De madman-theorie is de politieke theorie dat een politiek leider bewust een imago van madman ('dwaas') creëert. De theorie wordt in de eerste plaats geassocieerd met de buitenlandse politiek van de Amerikaanse president Richard Nixon. Door zich irrationeel en onvoorspelbaar te gedragen trachtten hij en zijn regering tijdens de Koude Oorlog de communistische landen ervan te weerhouden om de Verenigde Staten te provoceren.

President Nixon, die de madman-theorie veelvuldig toepaste in zijn buitenlandse politiek.

Geschiedenis bewerken

In 1517 schreef Niccolò Machiavelli dat het verstandig was om dwaasheid te simuleren (Verhandelingen over de eerste tien boeken van Titus Livius, boek 3, hoofdstuk 2).
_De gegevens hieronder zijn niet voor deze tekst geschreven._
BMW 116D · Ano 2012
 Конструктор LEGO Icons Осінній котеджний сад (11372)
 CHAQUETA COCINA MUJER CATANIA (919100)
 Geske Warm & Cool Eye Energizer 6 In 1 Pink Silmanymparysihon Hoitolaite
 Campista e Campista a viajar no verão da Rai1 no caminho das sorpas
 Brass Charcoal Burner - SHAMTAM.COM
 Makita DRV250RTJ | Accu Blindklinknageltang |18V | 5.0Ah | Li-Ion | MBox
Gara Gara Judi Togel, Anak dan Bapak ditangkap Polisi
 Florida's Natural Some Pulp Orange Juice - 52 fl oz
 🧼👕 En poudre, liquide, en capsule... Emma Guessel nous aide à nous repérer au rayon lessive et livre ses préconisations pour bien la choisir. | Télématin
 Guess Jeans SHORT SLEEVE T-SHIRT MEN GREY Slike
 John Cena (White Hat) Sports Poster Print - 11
Niettemin beweert Kimball in Nixon's Vietnam War dat Nixon zelf de strategie bedacht had, als resultaat van praktijkervaring en observatie van Eisenhowers handelen tijdens de Koreaanse Oorlog.

In het boek Thinking about the unthinkable betoogde Herman Kahn dat 'een beetje gek lijken' (look a little crazy) een effectieve manier kan zijn om een tegenstander te dwingen de strijd op te geven.

Nixon bewerken

In oktober 1969 werden tijdens Operatie Giant Lance achttien bommenwerpers naar de Sovjet-Unie gestuurd, met de bedoeling een nucleaire aanval te simuleren.[1] Dit had een doorbraak moeten forceren in de Vietnamoorlog (wat echter mislukte).[2]

Trump bewerken

Van de Amerikaanse president Donald Trump wordt door sommigen ook gezegd dat hij de madman-theorie toepast dan wel toepaste bij zowel bevriende als vijandige landen. In een onderhandeling met Zuid-Korea zei Trump bijvoorbeeld: 'Zeg tegen [de Zuid-Koreanen] dat als ze de concessies nu niet doen, deze gek zich terug zal trekken uit de [handels]overeenkomst.'[3][4]

Kritiek bewerken

Volgens critici is de madman-houding een risicovolle tactiek, omdat zij tot escalaties zou kunnen leiden.